Ayant créé une « plate-forme unique d’information sur le crédit avec l’apport graduel d’informations sur la finance, les inscriptions au registre du commerce, le paiement des impôts, les charges sociales, les infractions au code de la route, et d’autres renseignements sur le crédit », et un « système de crédit social avec un codage qui s’appuie sur les numéros d’identité », les informations sur les crédits personnels contiendront forcément des informations sur l’utilisation qui est faite d’internet. Ainsi le système internet qui requiert de s’enregistrer avec ses véritables nom et prénom sera mis en relation avec le code de crédit social et même avec le système d’aide sociale. Partant de là, il n’est pas improbable de penser que le gouvernement pourrait utiliser le code de crédit unique comme le seul code valable pour utiliser internet.
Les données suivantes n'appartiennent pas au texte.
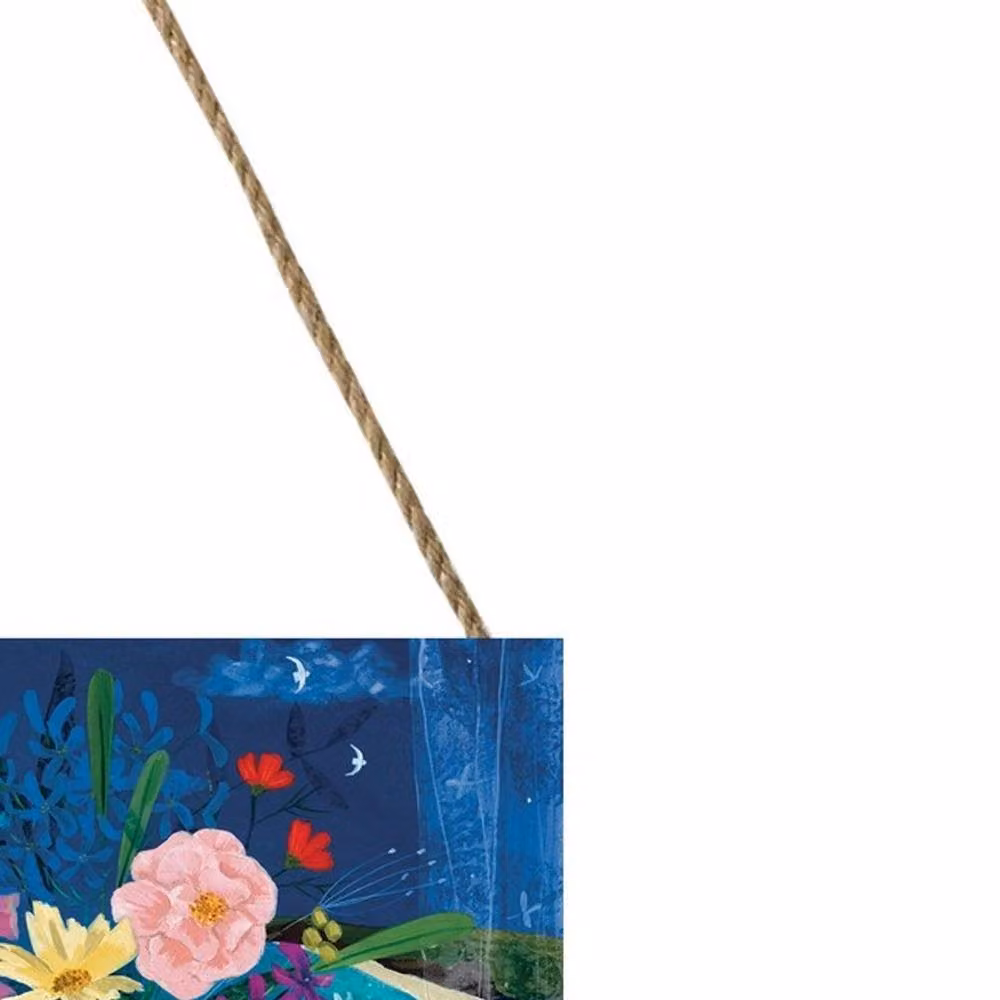 Julia Crossland Summer Posy Multicolour Floral Wooden Wall Plaque – 2
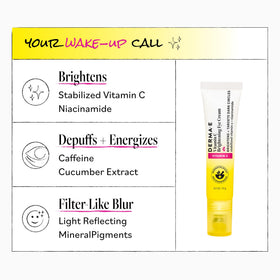 Derma E next to a coin for scale to show compact 0.5 fl oz size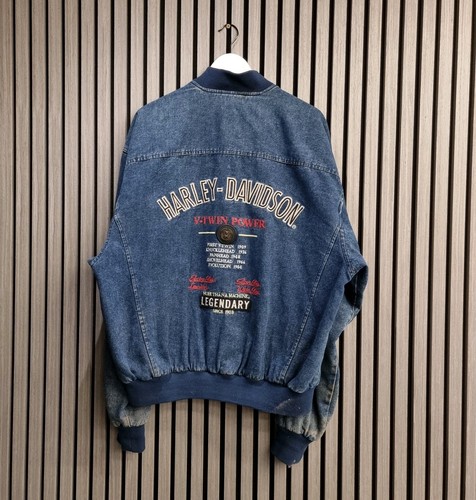 Giacca bomber vintage harley - giacca,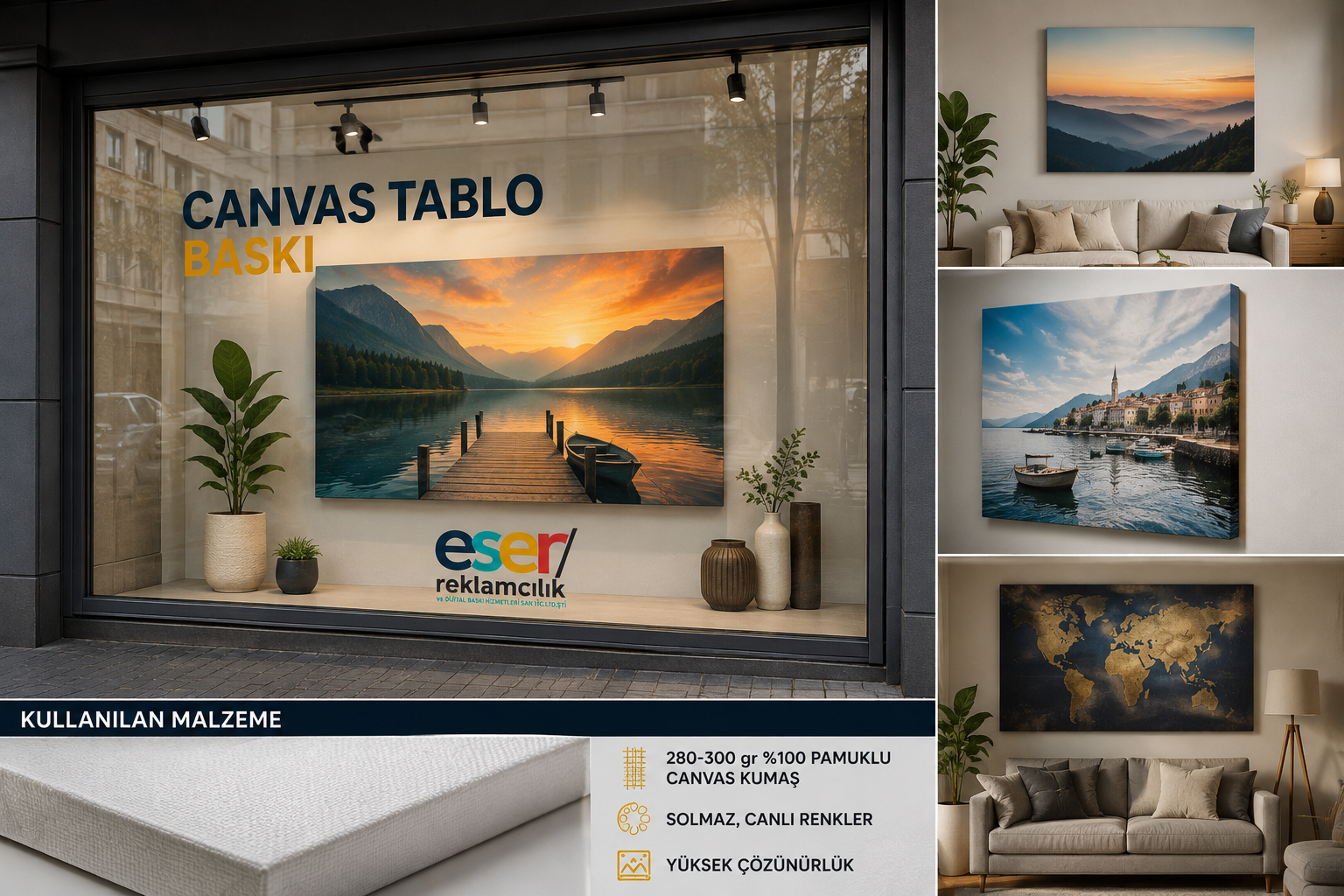 Canvas kanvas baskı İstanbul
Quand les enjeux sont aussi importants, la menace d’être interdit d’internet aura un fort pouvoir dissuasif. La peur d’être exclu du monde des affaires, de la finance et du système de sécurité sociale devrait faire croître l’auto-censure de manière significative.
Jack Ma, le créateur d’Alibaba reconnaît que Sina Weibo a permis le développement de la transparence en Chine et insiste sur le fait qu’Alibaba veut que son succès continue de grandir, mais sans pour autant transformer le site en grande plate-forme publicitaire. Quoiqu’il en soit, avec l’arrivée imminente du totalitarisme de l’information, la liberté en souffrira et sera manipulée de manières subtiles, particulièrement quand les espaces économiques, sociaux et idéologiques convergeront. La ligne entre liberté et esclavagisme est mince. Le plus grand danger est quand les citoyens ne sont pas conscients de la façon dont les autorités exercent leur pouvoir sur eux, comme l’explique dans un article pour The Atlantic la co-fondatrice de Global Voices Rebecca MacKinnon, auteur de “Consent of the Networked: The Worldwide Struggle for Internet Freedom”:
A l’heure d’internet, la plus grande menace à long terme pour une société véritablement basée sur le citoyen, un monde dans lequel la technologie et l’Etat sont aux services des citoyens et non pas le contraire, ressemble moins au 1984 d’Orwell qu’au Meilleur des Mondes d’Aldous Huxley : un monde dans lequel notre désir de sécurité, de divertissement et de confort matériel est manipulé au point de nous voir nous soumettre volontiers et impatiemment. Si nous voulons éviter ce destin tout sauf utopique, il faudra que l’innovation politique rattrape l’innovation technologique.